WHAT IS REQUIRED
Below are entries; copy exactly the lines from the one with "Another option is" through the one with "Common canaliculus, passing", both included, and leave out the rest.

GIVEN RECORDS
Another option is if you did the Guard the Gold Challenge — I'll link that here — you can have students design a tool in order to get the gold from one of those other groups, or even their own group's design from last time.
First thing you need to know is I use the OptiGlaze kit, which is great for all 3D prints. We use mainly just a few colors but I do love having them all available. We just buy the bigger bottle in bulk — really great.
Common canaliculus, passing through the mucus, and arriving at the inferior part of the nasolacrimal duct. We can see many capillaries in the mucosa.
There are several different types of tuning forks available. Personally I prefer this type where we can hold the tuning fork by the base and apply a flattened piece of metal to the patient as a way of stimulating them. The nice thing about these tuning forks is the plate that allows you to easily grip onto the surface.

--

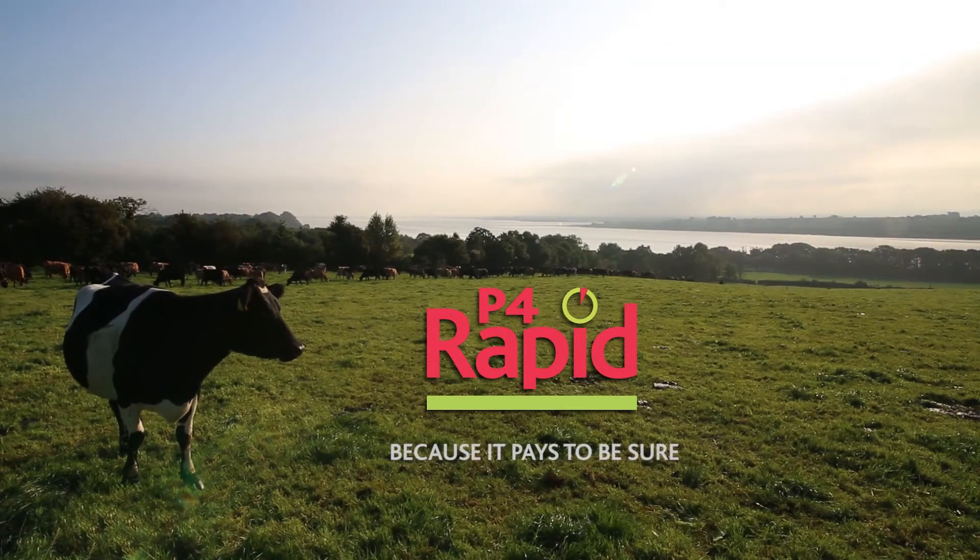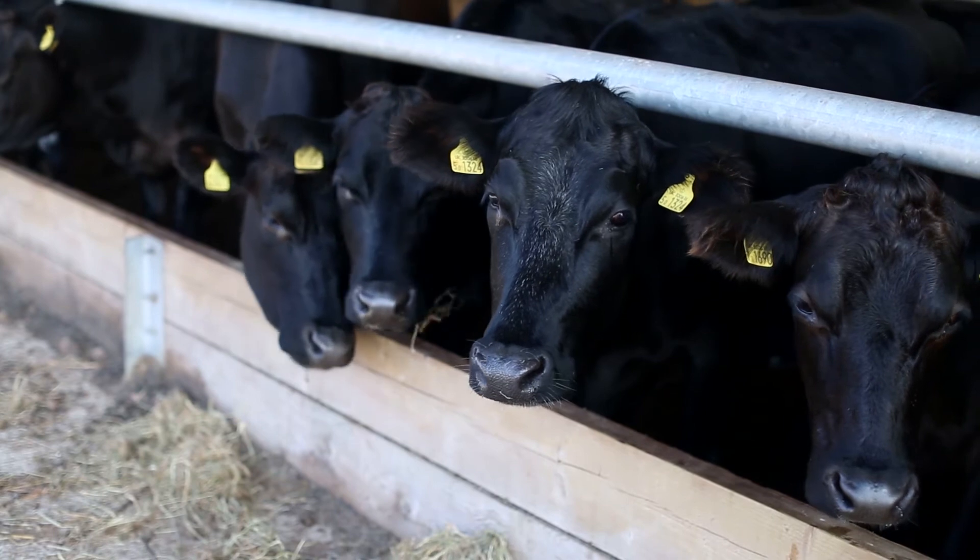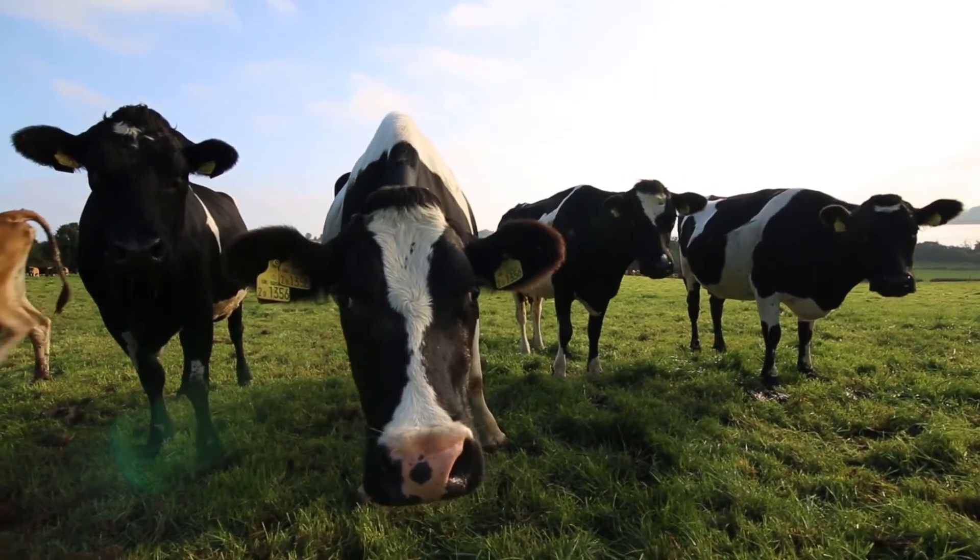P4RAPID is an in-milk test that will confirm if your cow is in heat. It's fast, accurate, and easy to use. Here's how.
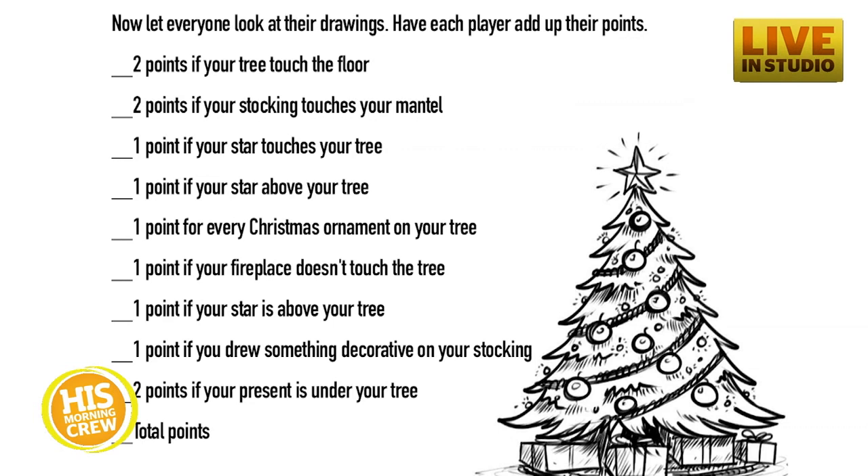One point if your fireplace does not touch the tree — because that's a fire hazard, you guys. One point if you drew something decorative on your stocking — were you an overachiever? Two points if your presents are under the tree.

YOUR SOLUTION
Another option is if you did the Guard the Gold Challenge — I'll link that here — you can have students design a tool in order to get the gold from one of those other groups, or even their own group's design from last time.
First thing you need to know is I use the OptiGlaze kit, which is great for all 3D prints. We use mainly just a few colors but I do love having them all available. We just buy the bigger bottle in bulk — really great.
Common canaliculus, passing through the mucus, and arriving at the inferior part of the nasolacrimal duct. We can see many capillaries in the mucosa.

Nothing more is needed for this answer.